### What the task asks
Type out the lines below exactly, pictures excluded.

### Provided data
Content starts

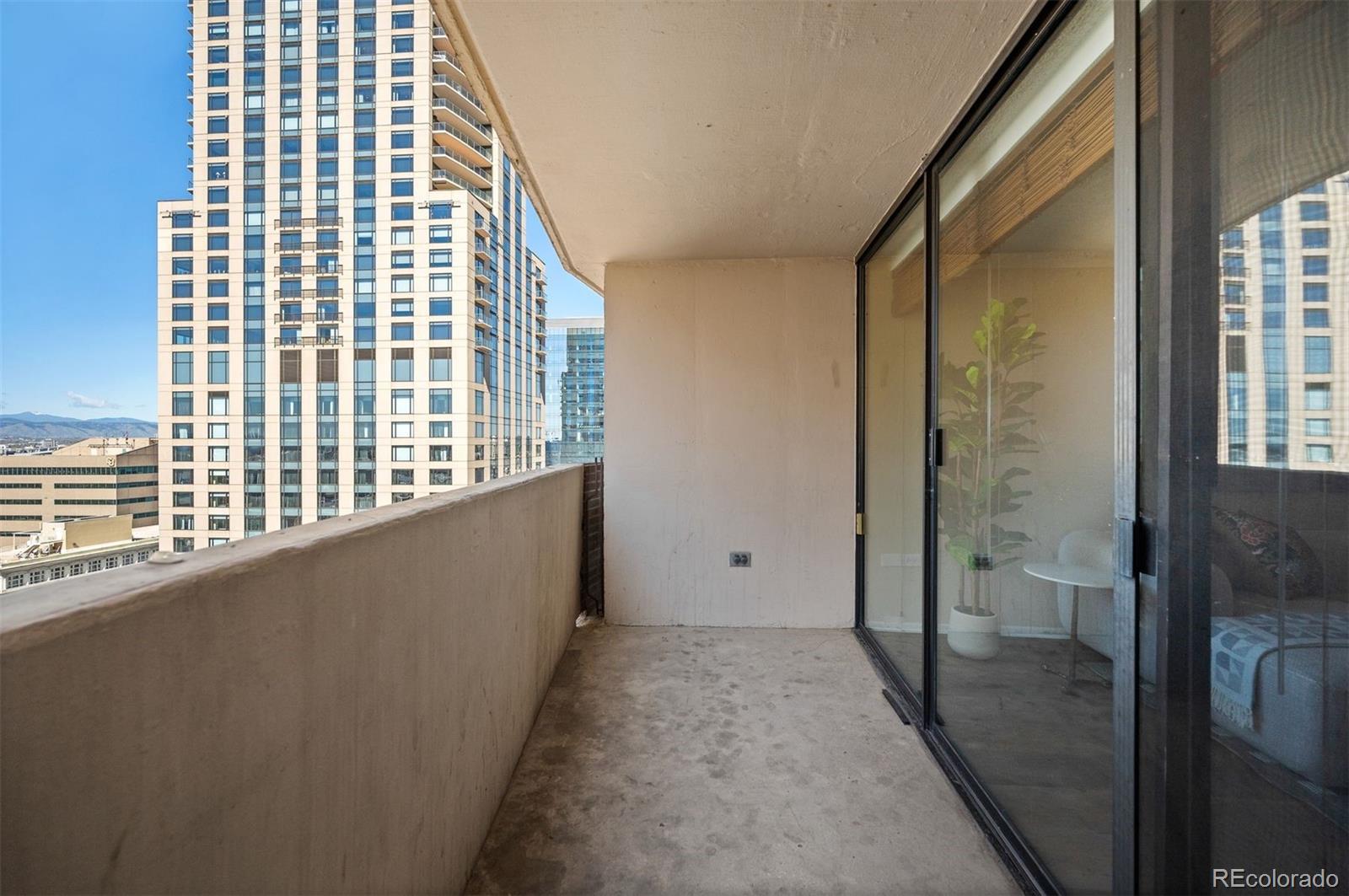 MLS Image #11 for 1020  15th street 20n,denver, Colorado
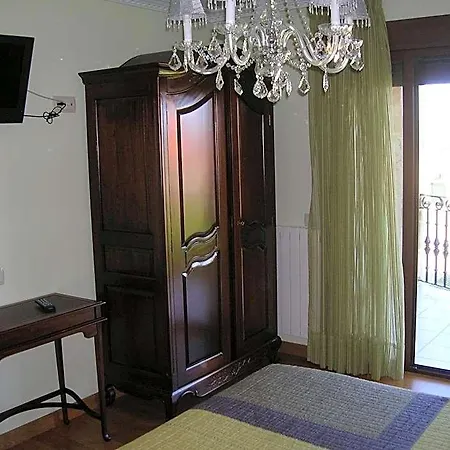 فندق Rural Mies De 4*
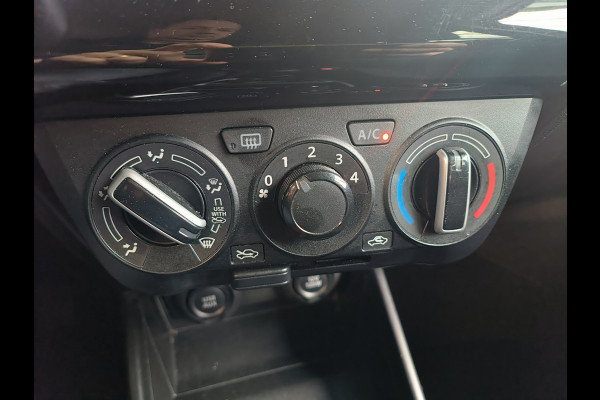 Suzuki Swift 1.2 Select Smart Hybrid uit 2023 Rijklaar + 12 maanden Bovag-garantie Henk Jongen Auto's in Helmond,  al 50 jaar service zoals 't hoort!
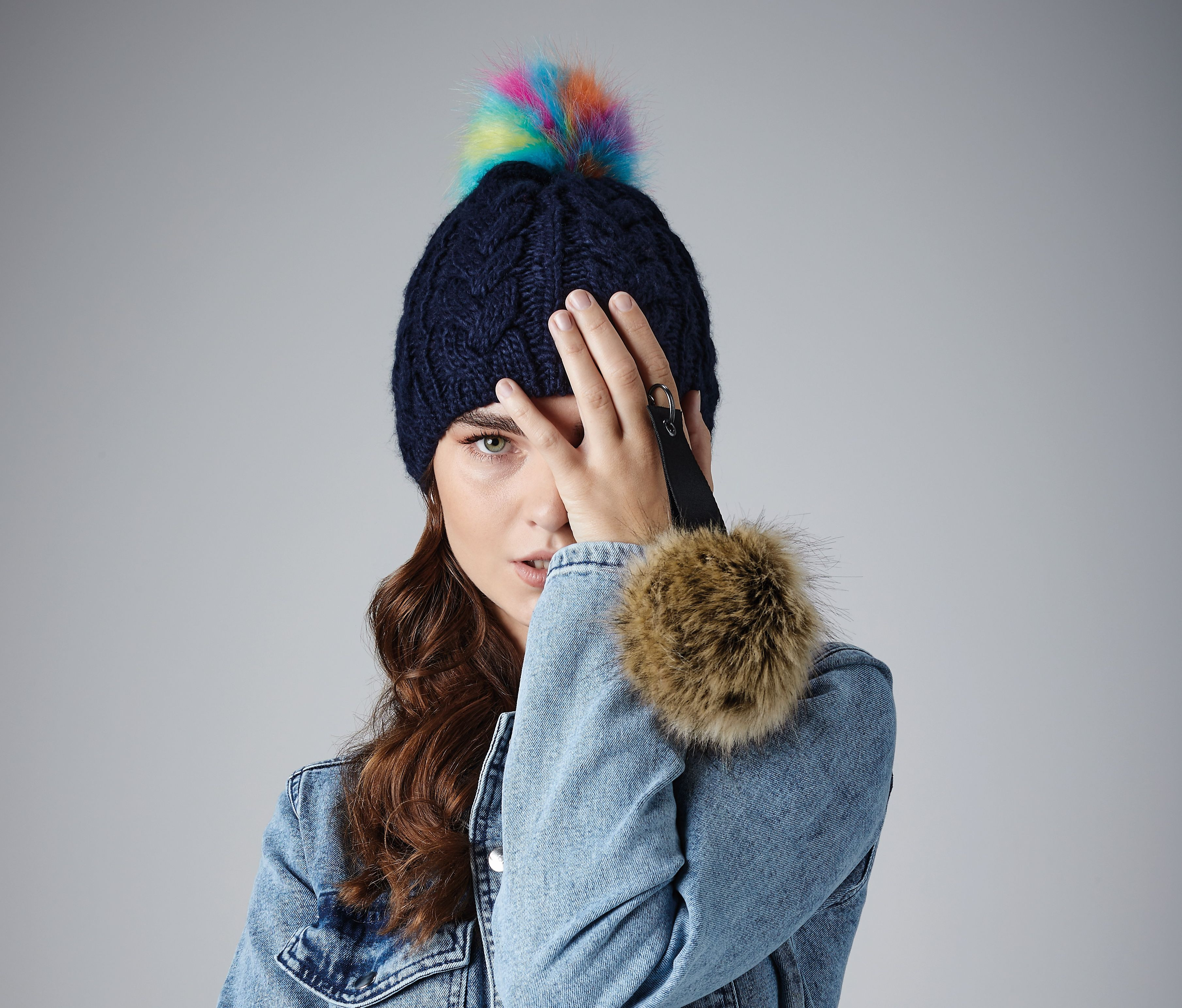 FAUX FUR POP POM KEY RING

Content ends

### Expected answer
 MLS Image #11 for 1020  15th street 20n,denver, Colorado
 فندق Rural Mies De 4*
 Suzuki Swift 1.2 Select Smart Hybrid uit 2023 Rijklaar + 12 maanden Bovag-garantie Henk Jongen Auto's in Helmond,  al 50 jaar service zoals 't hoort!
 FAUX FUR POP POM KEY RING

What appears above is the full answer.